To avoid any reliance on artificial lighting, natural lighting has been channeled to filter through tiny perforations within the cardboard structure and emulate how sunlight would hit the floor in a jungle.
Within each paper tree, sitting rooms have been installed to allow customers to browse and interact with the products.
The office space on the second floor is roomy enough to house a full team of staff.
In the feature wall, piezo-electric boards made out of quartz has been inserted to harness the potential of anthropogenic energy harvesting. It converts any vibrations formed by human activities into electricity.
A suspended meeting room on the second level resembling a glass box allows visitors a panoramic view of the Paper Pavilion.
If anyone doubts the feasibility of ecofriendly and recyclable material in the realm of architecture and interiors, they may find themselves convinced after reviewing The Paper Pavilion by Singapore student-designer Larry Teo, in support of green construction.
Teo, who has been flying the eco-friendly flag high, had incorporated natural components into an aesthetically fronted showroom concept.
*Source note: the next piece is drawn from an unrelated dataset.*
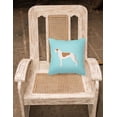 thumbnail image 2 of Carolines Treasures BB3705PW1414 Greyhound Checkerboard Blue Fabric Decorative Pillow, 2 of 2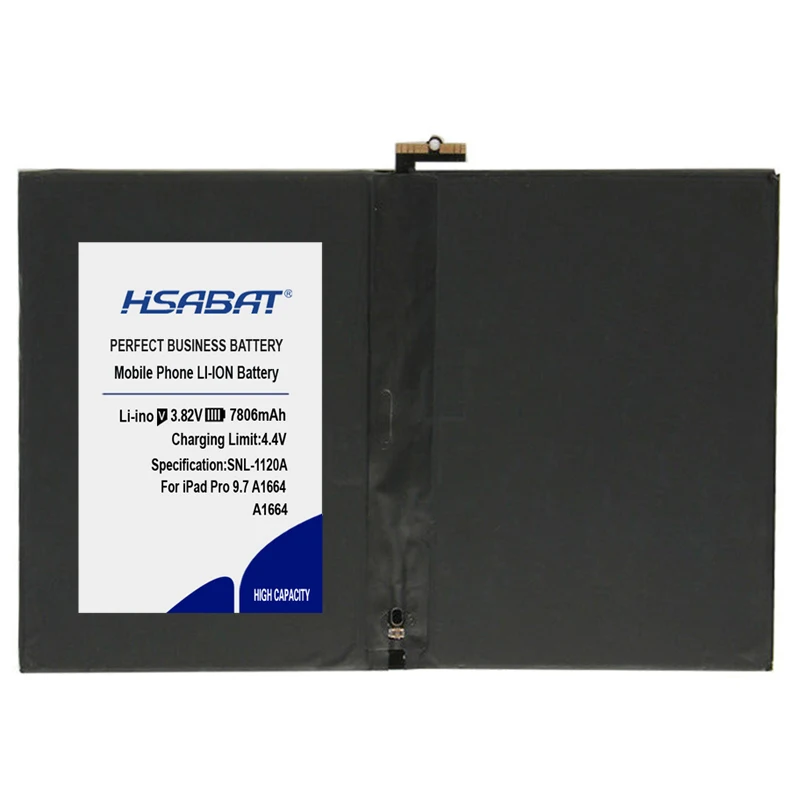 HSABAT 7806 мАч планшет Батарея для iPad Pro 9,7 A1664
Idealised within two warehouse units in the Geylang Bahru industrial estate in Singapore, the Paper Pavilion would function as a showroom sculpted with recyclable materials and novel technology.
don't call it junk
Even though cardboard is a material that is often found discarded on the streets, the humble material has been embraced by Teo, who sees the potential in salvaging the light-weight material for use as lighting and structural mediums. What that has transpired into is a series of vertically oriented display spaces, showcasing merchandise in soaring "paper trees". This allows visitors to encounter a journey through a "cardboard jungle" in which they can walk through a unique retail experience underlined by sustainability.
In the metaphorical jungle, shadows are used to great effect to focus on the various transitory spaces between the "paper trees". Natural lighting has been optimised by playing on apertures from all sides of the building parameters to avoid relying on artificial lighting. This filters direct sunlight through tiny perforations within the cardboard and emulates how sunlight reaches the floor in canopies and jungles of the wild.
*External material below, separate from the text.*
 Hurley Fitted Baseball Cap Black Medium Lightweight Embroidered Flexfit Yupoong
The Paper Pavilion is also a hotbed for unconventional technology. Within the feature walls, Teo had included a piezo-electric board out of quartz for anthropogenic energy harvesting. In simpler terms, this allows for energy to be recycled and stored as electricity from the residual energy in vibrations produced by activities of its visitors, like walking through the showroom and interacting with the display.
Teo's commitment towards a world based on sustainability has seen his showroom concept being selected as one of the winners of the prestigious American Architecture Prize 2017 under the Architectural Design/Small Architecture category. It shows that despite the student-designer's tender age, the harmonious assemblage of technology towards environmental sustainability is clearly a step into the right direction and heralds the future of high-tech exhibition and showroom spaces.